Seven ama sevdiğini göstermeyenler bu dili, hediyeleşmeyi öğrenmelidir. Bir çiçek ne ki dememek lazımdır. Küçük bir hediye aradaki mesafeyi, soğukluğu giderebilir.
Sevginin en güzel ifadelerinden biri de fedakârlıktır. Sevdiği kişi için rahatından, parasından vazgeçmek, sevdiği için bir şeyler yapmak… Bir sabah eşi yatarken kalkıp ona kahvaltı
hazırlamak, rahatsız olduğunda kendisine küçük ilaçlar hazırlamak, onun yaptığı vazifelere koşmak gibi…

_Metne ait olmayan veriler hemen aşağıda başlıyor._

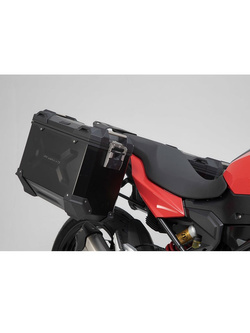 Zestaw: kufry boczne + stelaże PRO TRAX ADV SW-MOTECH 37/37 L do motocykla BMW F 900 R / XR [19-24] [pojemność 2 x 37 L]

Sevginin diğer ifadelerinden biri de, eşlerin birbirlerinin ihtiyaçlarını bilmesidir. Eşi neyi seviyor, nelerin yapılmasını arzu ediyor? Bu sorunun cevabını bilen, istenmeden bunları yapan kişi seviyor demektir. Eş, “eşim beni seviyor çünkü benim beklentilerimi biliyor” der. Eşlerin birbirlerini bilmesi ve tanıması için beraber vakit geçirmeleri lazımdır. Evine zamanında gelmeyen bir koca eşini nasıl tanıyabilir ki? Evine zamanında gelen ve üzerine düşeni yapan kocasına yakın davranmayan, onun dertleriyle ilgilenmeyen kadın, eşinin ne hissettiğini ve ne istediğini nereden bilsin? Temel şart, birbirlerini tanımak adına çaba göstermektir.

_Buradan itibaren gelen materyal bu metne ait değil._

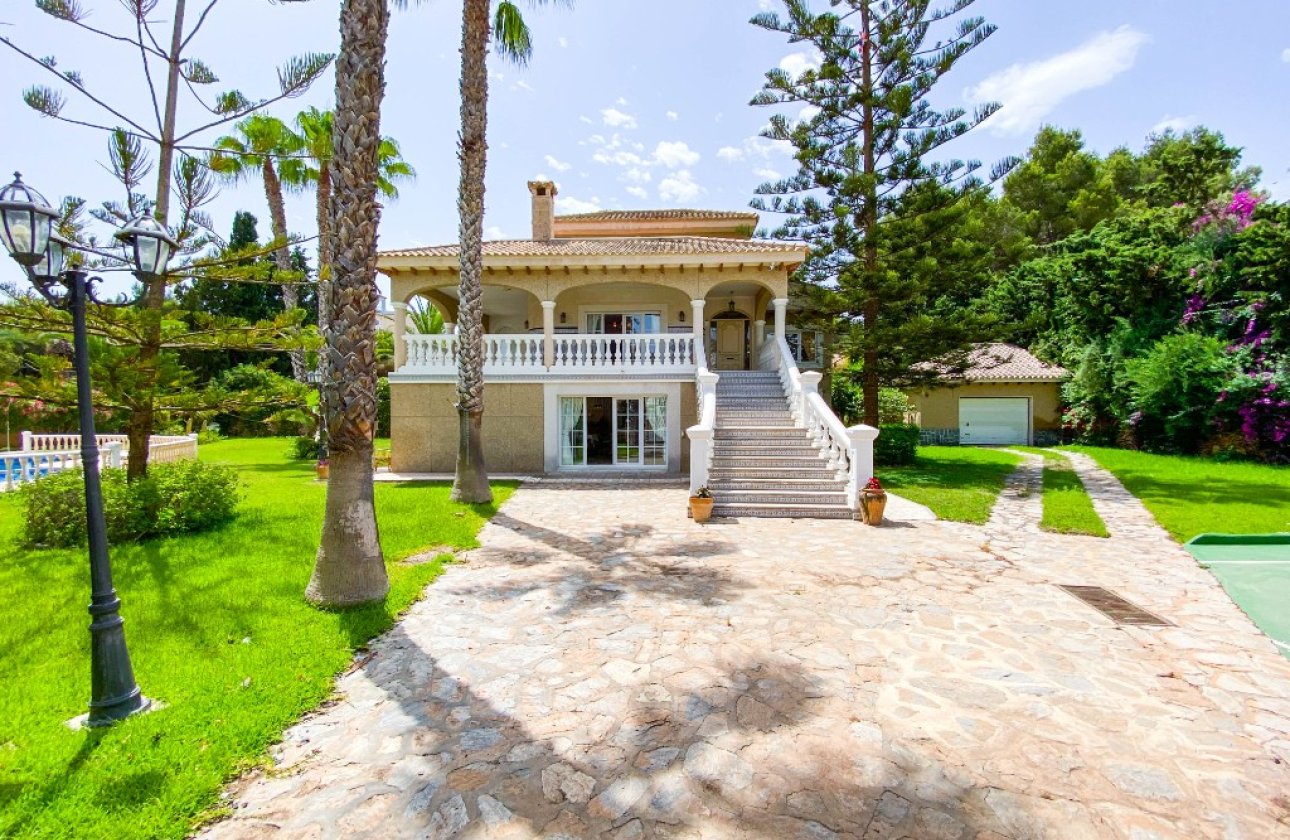 Resale - Villa - Orihuela Costa - Villamartin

Konuşmak, konuşabilmek de sevginin dillerindendir. Konuşuyorsa seviyor demektir, seviyorsa konuşur. Konuşmak, özellikle konuşmalarda birbirlerini övme… Eş eşinin güzelliklerini sayarak onu onurlandırır. Konuşma olmazsa övgü de olmaz, övgünün olabilmesi için konuşmak gerekir. Konuşan, öven kişi, eşini ruhen okşamış sayılır. Övgü de gerçekçi ve dengeli olmalıdır. Abartılı bir övgü inandırıcı olmaz. Aşırı övgü karşı tarafı gurura götürebilir. Dengesiz ve yanlış övgüler kişileri narsistleştirir. Bu sebeple kişiden çok kişinin eylemleri övülmeli.
Fiziksel temas ise, sevginin en ortada olan dilidir. İnsan sevdiğine dokunmak, sarılmak ister. Bir göz teması, omuza dokunma, saç okşayışı, tebessüm fiziksel temas olarak değerlendirilir.

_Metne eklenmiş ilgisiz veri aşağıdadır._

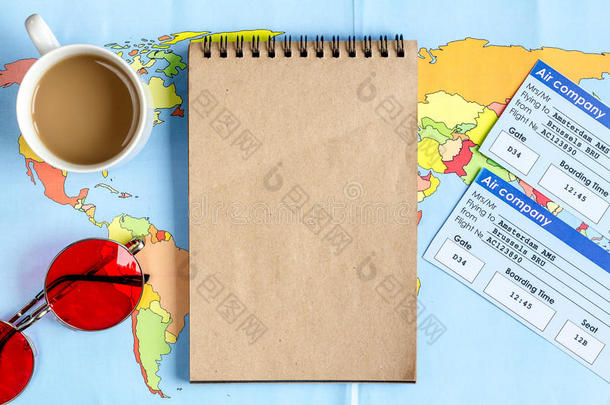 旅行计划和旅行者全套装备向木制的表背景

Bu sevgi dillerini kullanmak gerekir. İnsan eşi için bir şiir yazmayabilir, böyle bir kabiliyeti olmayabilir ama sayılan dillerden biriyle ona sevgisini ifade edebilir. Bu diller kullanıldığında sevgi kendini göstermiş olur, görünen sevgi muhteşem bir beraberliğe zemin olur. Nitelikli beraberlik kurulmuşsa sevgi de varlığını sürdürür.
Sevgiyle beraberlik kurulur, kurulan nitelikli beraberlikle de sevgi devam eder.